--- Input data Enclosed Below ---
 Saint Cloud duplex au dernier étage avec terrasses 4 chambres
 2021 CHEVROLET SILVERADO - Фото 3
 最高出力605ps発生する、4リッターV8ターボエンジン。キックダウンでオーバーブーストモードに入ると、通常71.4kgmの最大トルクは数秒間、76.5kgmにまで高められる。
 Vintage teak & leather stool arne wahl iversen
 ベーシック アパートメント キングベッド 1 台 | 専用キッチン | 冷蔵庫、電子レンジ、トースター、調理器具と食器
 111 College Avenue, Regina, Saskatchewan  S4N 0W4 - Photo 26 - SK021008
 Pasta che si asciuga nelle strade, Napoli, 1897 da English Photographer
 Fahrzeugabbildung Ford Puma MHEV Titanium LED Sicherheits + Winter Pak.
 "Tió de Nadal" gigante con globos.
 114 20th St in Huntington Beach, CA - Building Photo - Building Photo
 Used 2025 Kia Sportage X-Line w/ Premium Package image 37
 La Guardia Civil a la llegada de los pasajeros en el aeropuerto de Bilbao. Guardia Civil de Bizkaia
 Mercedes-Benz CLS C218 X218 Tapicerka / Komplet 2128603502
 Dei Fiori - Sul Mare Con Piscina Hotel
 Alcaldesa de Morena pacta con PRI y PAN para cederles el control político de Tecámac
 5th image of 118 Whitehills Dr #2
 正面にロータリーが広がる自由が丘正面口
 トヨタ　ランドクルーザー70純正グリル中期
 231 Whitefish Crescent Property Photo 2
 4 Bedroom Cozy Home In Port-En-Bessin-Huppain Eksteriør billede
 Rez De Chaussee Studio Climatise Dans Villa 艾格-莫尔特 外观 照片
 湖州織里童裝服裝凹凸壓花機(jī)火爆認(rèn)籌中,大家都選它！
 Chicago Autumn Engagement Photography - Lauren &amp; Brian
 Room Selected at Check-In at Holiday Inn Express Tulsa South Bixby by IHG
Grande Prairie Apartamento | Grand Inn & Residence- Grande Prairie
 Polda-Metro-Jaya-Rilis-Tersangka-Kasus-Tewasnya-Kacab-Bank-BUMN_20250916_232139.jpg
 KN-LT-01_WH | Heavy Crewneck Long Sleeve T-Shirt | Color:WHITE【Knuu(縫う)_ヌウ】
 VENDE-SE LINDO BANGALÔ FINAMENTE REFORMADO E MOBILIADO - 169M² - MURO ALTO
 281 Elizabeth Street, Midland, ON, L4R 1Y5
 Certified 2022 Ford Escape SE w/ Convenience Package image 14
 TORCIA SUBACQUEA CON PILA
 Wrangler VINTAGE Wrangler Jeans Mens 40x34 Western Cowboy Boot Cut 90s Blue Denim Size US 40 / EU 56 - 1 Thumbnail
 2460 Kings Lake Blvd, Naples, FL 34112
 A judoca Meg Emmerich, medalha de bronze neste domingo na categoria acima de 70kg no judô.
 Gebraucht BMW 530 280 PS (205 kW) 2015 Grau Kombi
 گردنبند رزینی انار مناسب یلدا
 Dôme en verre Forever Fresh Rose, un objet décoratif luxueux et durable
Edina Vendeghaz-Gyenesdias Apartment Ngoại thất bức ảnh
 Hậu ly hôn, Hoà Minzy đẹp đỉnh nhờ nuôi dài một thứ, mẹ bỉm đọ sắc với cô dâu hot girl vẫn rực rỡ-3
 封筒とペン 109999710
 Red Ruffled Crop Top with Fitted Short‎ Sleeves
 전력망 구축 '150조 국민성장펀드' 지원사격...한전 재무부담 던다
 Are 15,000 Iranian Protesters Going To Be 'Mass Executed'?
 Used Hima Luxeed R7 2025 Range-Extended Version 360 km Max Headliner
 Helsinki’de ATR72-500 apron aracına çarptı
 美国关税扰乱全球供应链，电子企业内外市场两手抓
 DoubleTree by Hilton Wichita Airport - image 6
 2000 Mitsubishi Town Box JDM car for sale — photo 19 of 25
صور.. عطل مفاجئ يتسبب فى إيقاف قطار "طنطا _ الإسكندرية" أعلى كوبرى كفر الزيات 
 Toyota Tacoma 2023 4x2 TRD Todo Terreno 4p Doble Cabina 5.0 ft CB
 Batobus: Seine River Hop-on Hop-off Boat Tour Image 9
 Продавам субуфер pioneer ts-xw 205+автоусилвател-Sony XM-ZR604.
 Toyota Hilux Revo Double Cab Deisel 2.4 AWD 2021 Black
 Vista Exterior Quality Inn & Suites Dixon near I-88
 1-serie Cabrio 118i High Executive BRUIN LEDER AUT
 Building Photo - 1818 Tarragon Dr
--- End of Enclosed Input data ---
The answer is a portion of the data. Write out exactly the line with "Toyota Hilux Revo" and all lines after it.

__Answer to the exercise__
 Toyota Hilux Revo Double Cab Deisel 2.4 AWD 2021 Black
 Vista Exterior Quality Inn & Suites Dixon near I-88
 1-serie Cabrio 118i High Executive BRUIN LEDER AUT
 Building Photo - 1818 Tarragon Dr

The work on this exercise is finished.